Savvy agencies are eager to use these tools to market their clients. Industry leaders are evolving and experimenting with new solutions, and as a result are creating a more effective collaboration with clients.

As an industry, we cannot let the rapid rate of change pigeonhole us into owning only a small segment of marketing. Fragmented “specialists” increase the management burden for their clients – and water down the impact of integrated marketing. No matter how solid their talents, specialized agencies ultimately face the same future as the traditional print agencies of yesterday: shrinking revenues, talent drain and client fatigue.

Soon “digital marketing” will become synonymous with marketing itself. Just as we mastered innovations like radio, movies, TV and the Web, we must now welcome the next generation of communications tools.

Agencies and clients who embrace change today will see bigger returns tomorrow.

Those who don't will likely not see too many tomorrows.


Tracey Gould      
Marketing director, Baskervill
16 years of small business marketing services experience

No. During times of economic uncertainty, declining retail sales and consumer confidence, not to mention a tight (or non-existent) financial lending climate, a company's first instinct may be to diversify and try something new.

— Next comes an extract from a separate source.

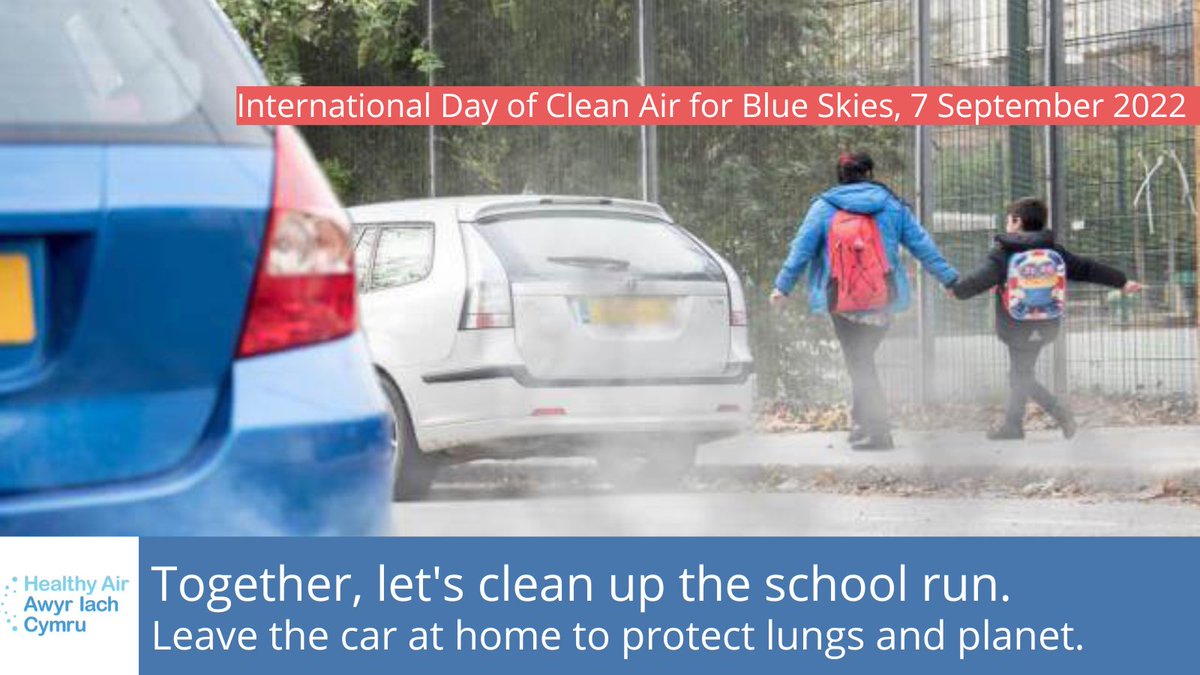 Today is #WorldCleanAirDay and we are focussing on the need for a new #CleanAirBill. The @PrifWeinidog promised a Bill in his legislative programme and that is positive, but we need to ensure it happens. Air pollution is a public health and environmental crisis. We need action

The leaders of a niche agency, offering one or two core services in the midst of the ‘Great Recession,' may be wondering how they can sustain staff, vendors, creditors, and more important, clients and customers. They may want to jump feet-first into a product or services market, hoping it will help sustain them through tough times.

Diversification, they may feel, is the only way to make it to the light at the other end of the proverbial tunnel. My advice to them is to pause and take a deep breath.

Companies will find that by sticking with what they know best and focusing on their core capabilities, they will fare much better than those who enter unfamiliar territory, particularly during trying economic times.

Adding core competencies or products can distract from an organization's vision, cost an insurmountable amount in terms of time and resources, and create a wide margin of error due to the large learning curve involved.

By the time the Great Recession is truly over, companies will find their new markets haven't even gotten off the ground, but the demand for their original services and products will be overwhelming. Unless your product or service is obsolete, having a niche in an ever-crowded, competitive market will give you exactly what you need to stand out – a differentiator.